I’ve just finished a rewrite of my novel-in-progress, The Best of Adam Sharp—which is to say we’re in the midst of the editing process. This is my fifth book (including two non-fiction), so, while I can’t claim to be a veteran, I have learned a bit about the editing process from the writer’s perspective.


I thought I’d share a few of the things that I have to remind myself of—consciously and constantly—if I want the best result for my book, my sanity and my relationship with my publisher. I haven’t self published: if you’re going that route, you’ll need to adapt the advice as you see fit.



Editing is not a hurdle; it’s about working together to get the best possible book. School, university and (for some of us) academic publication has given us a model in which we do whatever it takes to satisfy someone else—to get our work over the line. Once you have a publisher who’s accepted your book, forget about pleasing them and start seeing them as a partner in getting the result you (and your readers) want.
Your mindset is Were making it better. Every time you open that document, that’s what you’re trying to do. When you hit save, most of the time you’ve achieved that. Sure, save a backup in case you decide to go back. You hardly ever will. But from time to time, look back and see how far it’s come from the last time you thought it was finished.

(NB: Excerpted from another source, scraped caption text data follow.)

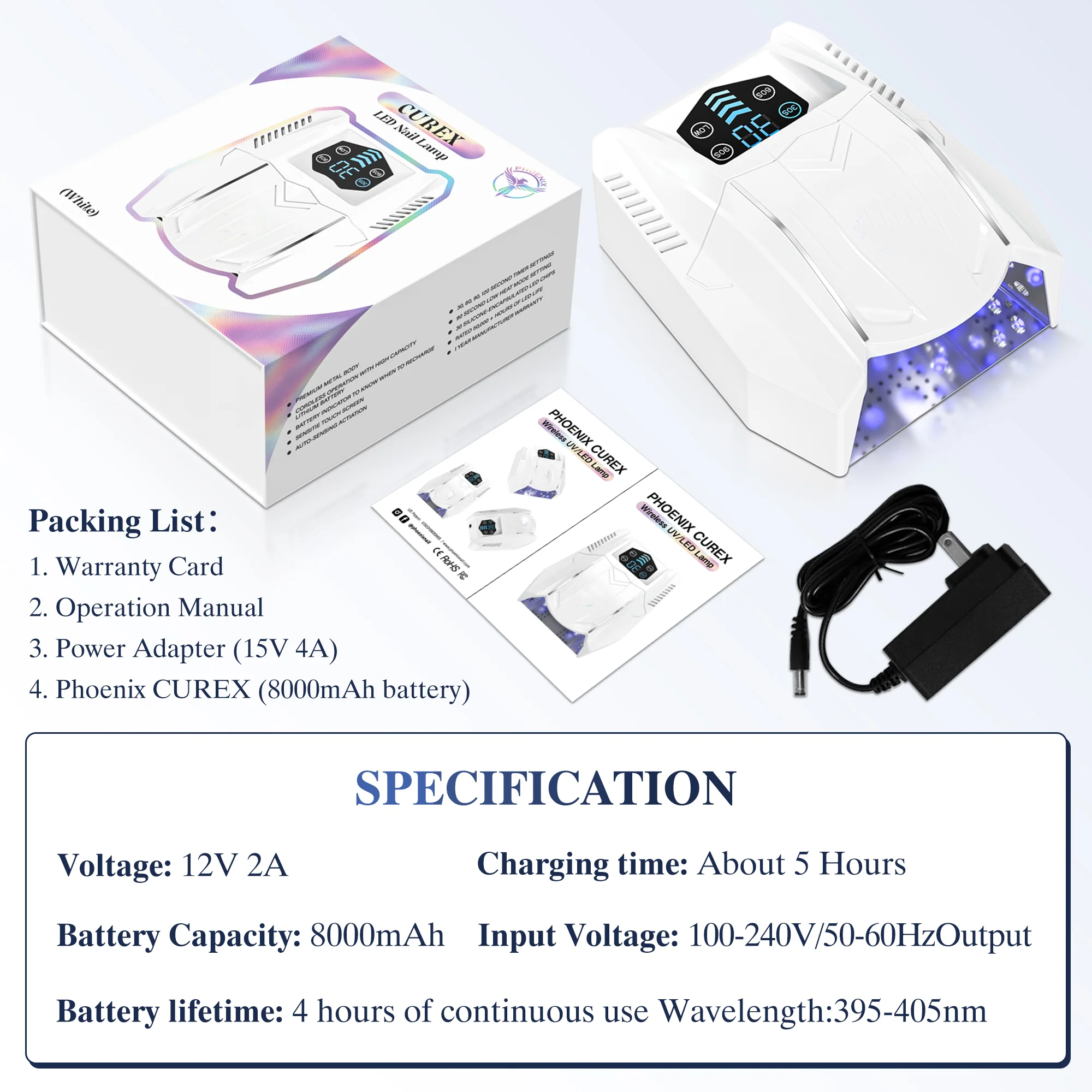 LAMWO Lampada per unghie wireless Forniture per unghie Attrezzatura professionale per unghie ad alta potenza Lampada a LED UV Essiccatore per gel leggero per manicure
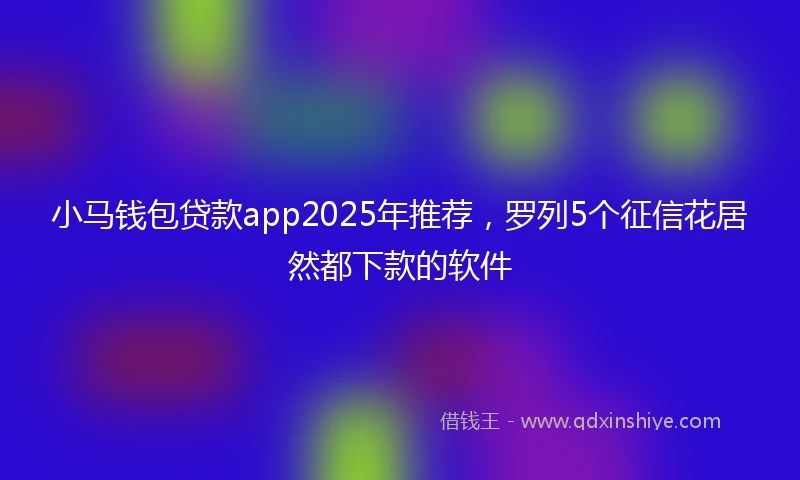 小马钱包贷款app2025年推荐，罗列5个征信花居然都下款的软件
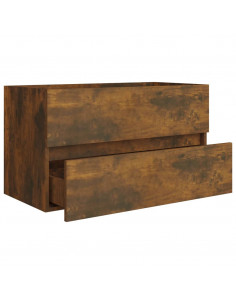 Mobile Sottolavabo Rovere Fumo 80x38,5x45 cm Legno Multistrato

Familiarise yourself with the editing process—and the basic terminology. You’re (possibly) going to go through developmental, structural, stylistic (line) and copy editing. You should know what these are, what to expect from your editor at each stage, and what you will be expected to give back. ٴDz’t waste your editor’s time having them teach you terminology, but do ask them to summarise what their approach to your book will be.
Negotiate the mechanisms with your editor. Many editors have a love of paper compared with electronic formats, which frequently makes tracking of changes difficult. I hate making changes to a printed document, after being accustomed to working with a word processor—the page ends up an unreadable mess. Once it’s typeset, the cause is generally lost: I push to leave this as late as possible. If editors are changing your document directly, insist on changes being highlighted / tracked. (Of course they’d do this, right? No.)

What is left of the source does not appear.